((
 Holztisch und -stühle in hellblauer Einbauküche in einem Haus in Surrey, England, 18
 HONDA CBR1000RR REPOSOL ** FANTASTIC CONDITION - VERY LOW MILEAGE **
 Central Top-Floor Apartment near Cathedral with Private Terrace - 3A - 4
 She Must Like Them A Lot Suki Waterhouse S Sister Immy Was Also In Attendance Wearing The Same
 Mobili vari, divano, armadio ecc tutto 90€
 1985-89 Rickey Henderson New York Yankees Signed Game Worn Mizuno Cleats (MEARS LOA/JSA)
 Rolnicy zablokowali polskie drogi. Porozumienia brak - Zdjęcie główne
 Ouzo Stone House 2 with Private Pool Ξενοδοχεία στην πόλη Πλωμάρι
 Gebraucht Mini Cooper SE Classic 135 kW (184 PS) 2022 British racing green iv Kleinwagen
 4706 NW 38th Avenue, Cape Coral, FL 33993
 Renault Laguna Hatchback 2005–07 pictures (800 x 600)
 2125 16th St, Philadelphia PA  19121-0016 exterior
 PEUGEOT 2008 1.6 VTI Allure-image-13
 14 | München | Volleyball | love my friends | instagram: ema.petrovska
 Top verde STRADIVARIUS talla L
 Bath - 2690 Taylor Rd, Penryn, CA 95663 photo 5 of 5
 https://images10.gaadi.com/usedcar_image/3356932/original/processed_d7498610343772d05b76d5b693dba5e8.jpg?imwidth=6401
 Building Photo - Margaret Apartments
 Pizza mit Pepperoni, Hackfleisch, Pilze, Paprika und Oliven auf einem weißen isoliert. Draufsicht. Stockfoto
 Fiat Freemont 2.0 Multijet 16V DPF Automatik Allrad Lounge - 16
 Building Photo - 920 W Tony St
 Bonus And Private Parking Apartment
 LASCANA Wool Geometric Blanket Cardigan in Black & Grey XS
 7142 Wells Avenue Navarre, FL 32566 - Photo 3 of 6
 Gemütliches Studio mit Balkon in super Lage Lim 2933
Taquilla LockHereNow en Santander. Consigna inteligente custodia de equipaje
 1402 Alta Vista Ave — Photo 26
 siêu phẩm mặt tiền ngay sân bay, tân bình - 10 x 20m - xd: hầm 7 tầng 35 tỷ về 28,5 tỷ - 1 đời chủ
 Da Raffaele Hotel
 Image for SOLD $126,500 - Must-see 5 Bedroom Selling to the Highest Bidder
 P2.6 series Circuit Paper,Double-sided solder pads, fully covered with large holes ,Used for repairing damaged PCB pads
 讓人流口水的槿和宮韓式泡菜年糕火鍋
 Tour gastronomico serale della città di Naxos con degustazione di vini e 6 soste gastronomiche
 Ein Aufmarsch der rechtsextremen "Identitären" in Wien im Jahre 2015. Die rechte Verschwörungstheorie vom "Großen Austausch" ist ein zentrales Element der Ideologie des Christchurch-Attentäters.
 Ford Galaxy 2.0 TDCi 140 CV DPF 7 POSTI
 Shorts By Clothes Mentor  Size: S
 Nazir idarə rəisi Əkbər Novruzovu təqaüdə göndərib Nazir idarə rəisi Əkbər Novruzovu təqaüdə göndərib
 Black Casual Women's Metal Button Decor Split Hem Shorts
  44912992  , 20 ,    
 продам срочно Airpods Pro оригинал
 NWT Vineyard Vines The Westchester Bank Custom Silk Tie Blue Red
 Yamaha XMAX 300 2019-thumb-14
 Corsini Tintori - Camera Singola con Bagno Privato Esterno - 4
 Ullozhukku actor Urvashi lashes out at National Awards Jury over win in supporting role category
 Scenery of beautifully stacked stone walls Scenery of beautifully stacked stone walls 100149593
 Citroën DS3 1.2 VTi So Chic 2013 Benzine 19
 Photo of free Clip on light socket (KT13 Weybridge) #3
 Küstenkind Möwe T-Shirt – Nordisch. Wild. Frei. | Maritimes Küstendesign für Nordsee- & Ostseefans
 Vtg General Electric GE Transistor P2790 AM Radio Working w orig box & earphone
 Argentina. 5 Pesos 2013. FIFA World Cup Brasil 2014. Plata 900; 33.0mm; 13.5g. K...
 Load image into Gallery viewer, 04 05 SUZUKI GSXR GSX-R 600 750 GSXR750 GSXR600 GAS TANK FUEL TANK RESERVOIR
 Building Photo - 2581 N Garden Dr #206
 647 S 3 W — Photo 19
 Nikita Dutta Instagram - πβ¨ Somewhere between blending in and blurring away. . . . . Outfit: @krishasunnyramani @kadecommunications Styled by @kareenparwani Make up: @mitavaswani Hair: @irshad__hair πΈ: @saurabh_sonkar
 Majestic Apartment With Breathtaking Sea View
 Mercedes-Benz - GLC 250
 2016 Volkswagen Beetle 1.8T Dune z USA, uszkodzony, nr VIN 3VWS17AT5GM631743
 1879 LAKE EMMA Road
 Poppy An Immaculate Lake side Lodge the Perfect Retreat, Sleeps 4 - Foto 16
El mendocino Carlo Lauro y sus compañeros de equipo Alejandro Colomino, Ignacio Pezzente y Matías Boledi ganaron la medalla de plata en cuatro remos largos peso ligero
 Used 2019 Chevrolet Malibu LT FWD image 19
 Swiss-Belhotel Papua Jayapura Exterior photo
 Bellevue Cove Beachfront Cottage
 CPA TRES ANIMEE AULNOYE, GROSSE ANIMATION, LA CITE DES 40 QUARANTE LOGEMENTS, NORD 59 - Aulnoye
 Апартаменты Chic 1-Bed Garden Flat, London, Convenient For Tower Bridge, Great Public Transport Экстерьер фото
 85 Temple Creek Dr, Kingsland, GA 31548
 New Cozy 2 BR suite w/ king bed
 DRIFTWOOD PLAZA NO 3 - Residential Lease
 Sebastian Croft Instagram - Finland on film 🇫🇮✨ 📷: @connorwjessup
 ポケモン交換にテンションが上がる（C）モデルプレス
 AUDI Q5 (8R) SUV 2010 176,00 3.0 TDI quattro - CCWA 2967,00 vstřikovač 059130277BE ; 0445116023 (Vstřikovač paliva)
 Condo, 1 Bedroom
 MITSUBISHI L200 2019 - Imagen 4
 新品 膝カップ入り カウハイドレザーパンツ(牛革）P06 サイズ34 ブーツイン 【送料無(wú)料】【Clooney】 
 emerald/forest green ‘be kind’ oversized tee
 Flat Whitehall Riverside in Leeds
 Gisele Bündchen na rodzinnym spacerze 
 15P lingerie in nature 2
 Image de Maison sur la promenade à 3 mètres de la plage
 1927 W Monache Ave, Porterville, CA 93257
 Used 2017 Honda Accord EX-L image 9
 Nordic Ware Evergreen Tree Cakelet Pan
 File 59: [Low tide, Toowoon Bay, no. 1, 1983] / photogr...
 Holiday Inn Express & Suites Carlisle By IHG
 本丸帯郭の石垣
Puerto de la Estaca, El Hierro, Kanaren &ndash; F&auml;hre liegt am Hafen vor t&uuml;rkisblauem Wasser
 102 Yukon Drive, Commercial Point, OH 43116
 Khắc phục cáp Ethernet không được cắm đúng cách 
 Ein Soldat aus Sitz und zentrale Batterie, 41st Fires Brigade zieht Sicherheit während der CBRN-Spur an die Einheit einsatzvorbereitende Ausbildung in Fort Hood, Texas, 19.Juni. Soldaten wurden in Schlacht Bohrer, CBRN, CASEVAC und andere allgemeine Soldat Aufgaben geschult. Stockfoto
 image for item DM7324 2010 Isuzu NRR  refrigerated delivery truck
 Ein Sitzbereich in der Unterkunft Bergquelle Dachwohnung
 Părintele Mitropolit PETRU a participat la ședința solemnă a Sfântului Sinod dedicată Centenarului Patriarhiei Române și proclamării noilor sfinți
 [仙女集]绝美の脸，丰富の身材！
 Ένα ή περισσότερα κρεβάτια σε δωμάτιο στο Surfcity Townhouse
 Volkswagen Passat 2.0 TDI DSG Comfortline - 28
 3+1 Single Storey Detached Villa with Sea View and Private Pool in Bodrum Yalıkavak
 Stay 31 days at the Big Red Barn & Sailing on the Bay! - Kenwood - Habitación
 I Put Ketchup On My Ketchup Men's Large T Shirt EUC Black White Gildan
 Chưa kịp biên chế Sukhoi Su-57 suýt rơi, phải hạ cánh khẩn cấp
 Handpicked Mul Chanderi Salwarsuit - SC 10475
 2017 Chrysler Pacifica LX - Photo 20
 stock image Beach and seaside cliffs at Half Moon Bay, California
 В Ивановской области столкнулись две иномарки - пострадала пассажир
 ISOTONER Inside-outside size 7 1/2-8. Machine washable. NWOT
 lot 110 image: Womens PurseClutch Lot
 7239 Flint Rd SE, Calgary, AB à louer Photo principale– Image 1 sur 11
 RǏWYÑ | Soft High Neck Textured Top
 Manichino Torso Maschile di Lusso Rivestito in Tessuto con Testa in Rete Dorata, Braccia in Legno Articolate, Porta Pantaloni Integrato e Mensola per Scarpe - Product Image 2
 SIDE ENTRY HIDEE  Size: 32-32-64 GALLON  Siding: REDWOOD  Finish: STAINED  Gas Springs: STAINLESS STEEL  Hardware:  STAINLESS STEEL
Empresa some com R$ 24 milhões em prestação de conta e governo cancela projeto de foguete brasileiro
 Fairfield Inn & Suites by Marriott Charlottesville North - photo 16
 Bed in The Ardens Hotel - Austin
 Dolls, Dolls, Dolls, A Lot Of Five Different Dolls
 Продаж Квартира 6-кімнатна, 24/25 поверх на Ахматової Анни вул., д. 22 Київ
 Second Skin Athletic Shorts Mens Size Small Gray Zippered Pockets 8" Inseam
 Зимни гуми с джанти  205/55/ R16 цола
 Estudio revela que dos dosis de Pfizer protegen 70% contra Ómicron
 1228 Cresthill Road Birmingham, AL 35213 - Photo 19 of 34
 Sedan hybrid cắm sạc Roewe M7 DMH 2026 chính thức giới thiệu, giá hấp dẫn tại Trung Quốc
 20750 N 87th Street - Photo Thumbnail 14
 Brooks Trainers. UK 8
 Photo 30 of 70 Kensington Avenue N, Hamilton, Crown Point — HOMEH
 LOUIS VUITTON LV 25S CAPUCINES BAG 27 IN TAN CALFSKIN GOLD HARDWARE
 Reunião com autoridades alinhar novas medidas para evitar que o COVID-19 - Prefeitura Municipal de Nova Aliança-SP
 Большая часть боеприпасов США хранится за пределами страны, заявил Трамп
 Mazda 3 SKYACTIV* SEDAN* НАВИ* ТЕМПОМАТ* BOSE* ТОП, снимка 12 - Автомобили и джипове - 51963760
))
WHAT IS EXPECTED: Everything from the first line of the records above through the line containing "Central Top-Floor Apartment" should be restated word for word; leave out all other lines.

EXERCISE SOLUTION:
 Holztisch und -stühle in hellblauer Einbauküche in einem Haus in Surrey, England, 18
 HONDA CBR1000RR REPOSOL ** FANTASTIC CONDITION - VERY LOW MILEAGE **
 Central Top-Floor Apartment near Cathedral with Private Terrace - 3A - 4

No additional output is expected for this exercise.